For this task, output exactly the lines of the material below starting at the line with "ターコイズゴールドアゲートダーク12テーブル結婚式着席案内 ポスター (角)" and ending at the line with "Retro 70s Floral"; pictures are to be excluded.

**Information supplied:**
BEGIN
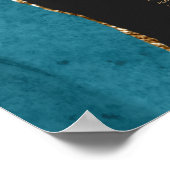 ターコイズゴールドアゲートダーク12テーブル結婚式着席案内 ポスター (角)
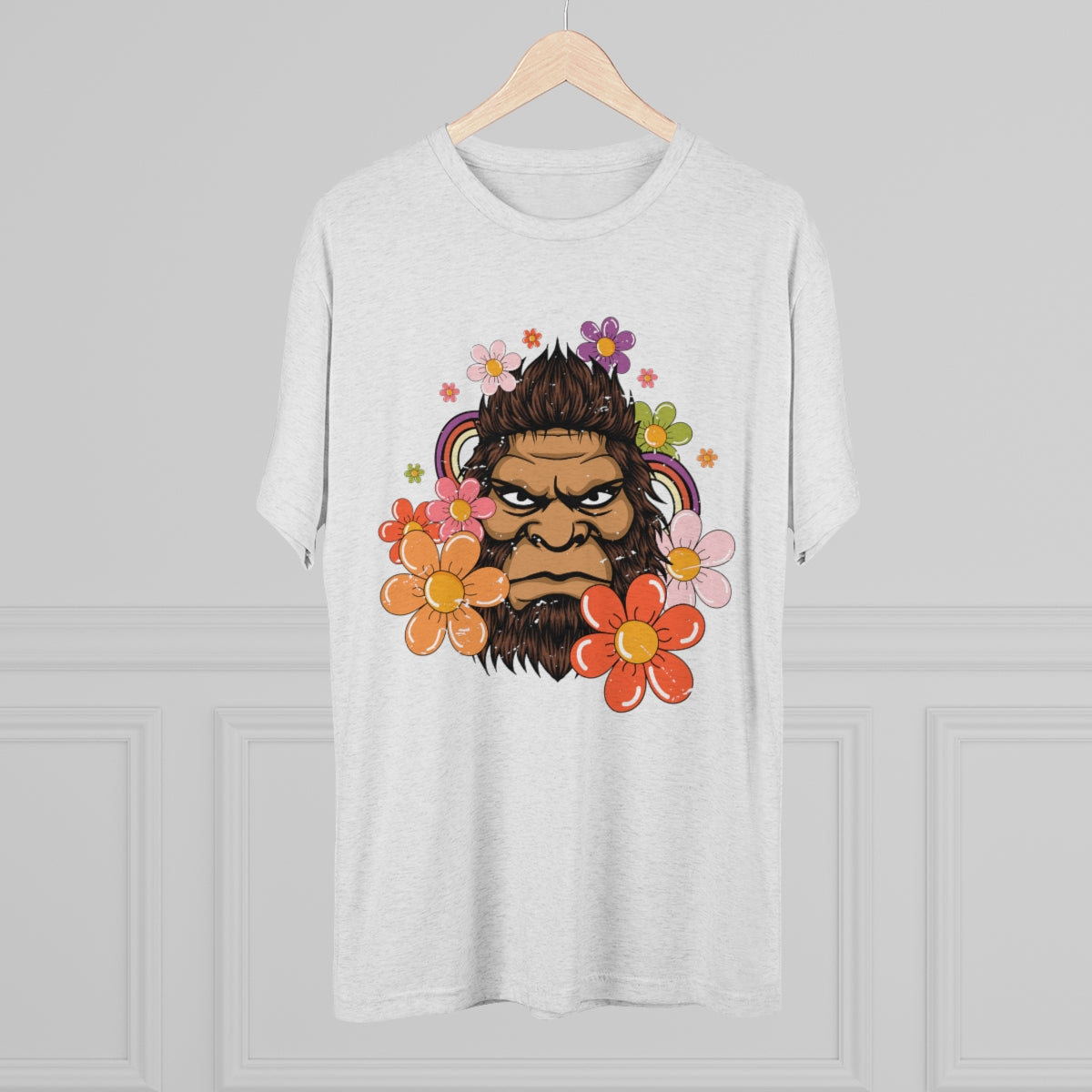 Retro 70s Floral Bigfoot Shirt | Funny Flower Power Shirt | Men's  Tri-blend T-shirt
END
BEGIN
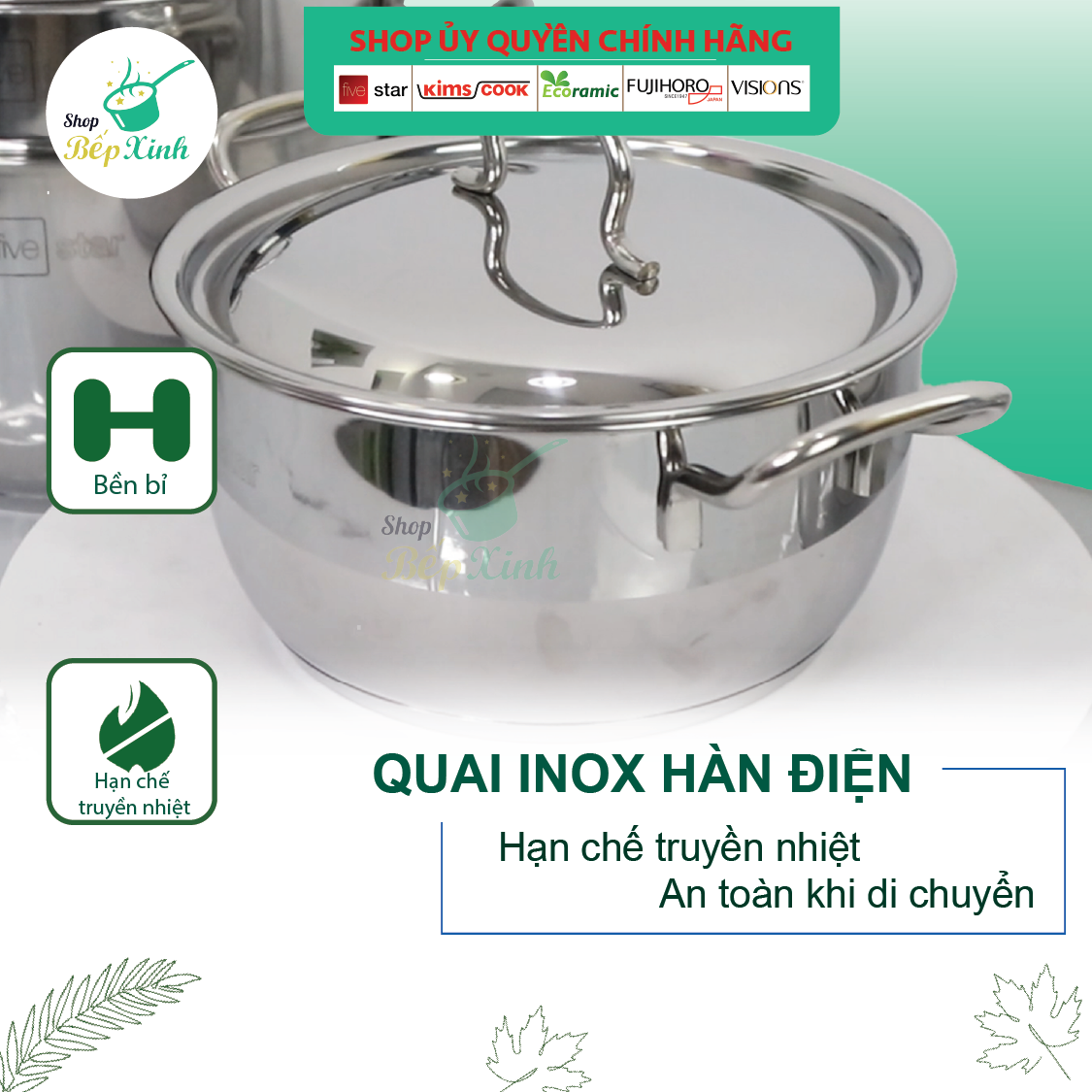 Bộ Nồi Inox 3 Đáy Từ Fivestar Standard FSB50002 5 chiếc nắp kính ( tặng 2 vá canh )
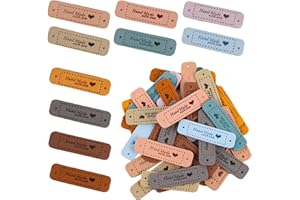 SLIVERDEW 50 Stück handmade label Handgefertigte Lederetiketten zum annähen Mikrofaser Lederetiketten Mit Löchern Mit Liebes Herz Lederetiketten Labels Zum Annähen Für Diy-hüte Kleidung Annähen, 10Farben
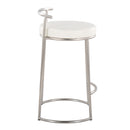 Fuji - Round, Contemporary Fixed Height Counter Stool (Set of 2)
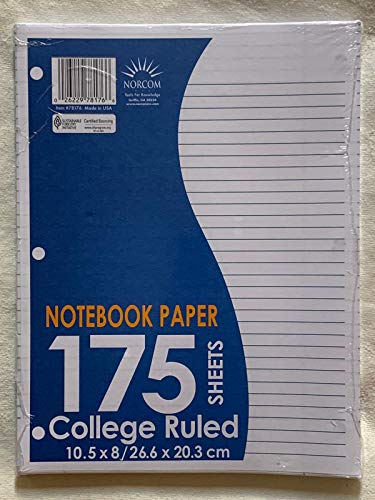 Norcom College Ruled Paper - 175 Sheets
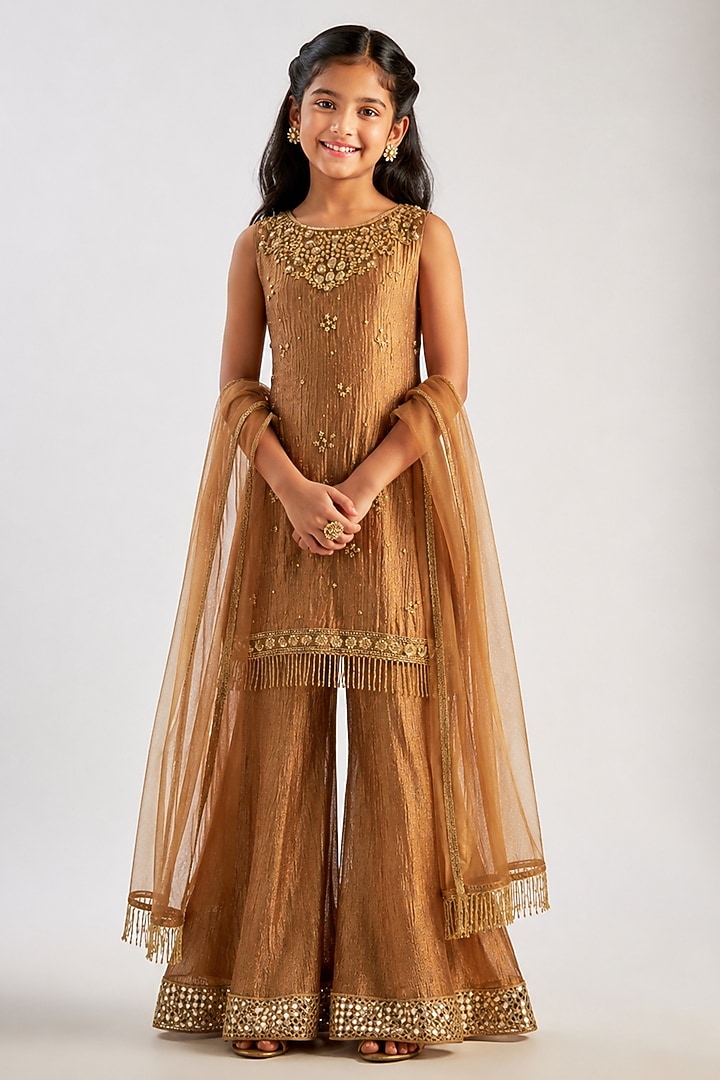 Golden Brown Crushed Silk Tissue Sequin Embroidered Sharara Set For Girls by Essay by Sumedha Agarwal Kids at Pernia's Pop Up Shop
END
**Output for this task:**
 ターコイズゴールドアゲートダーク12テーブル結婚式着席案内 ポスター (角)
 Retro 70s Floral Bigfoot Shirt | Funny Flower Power Shirt | Men's  Tri-blend T-shirt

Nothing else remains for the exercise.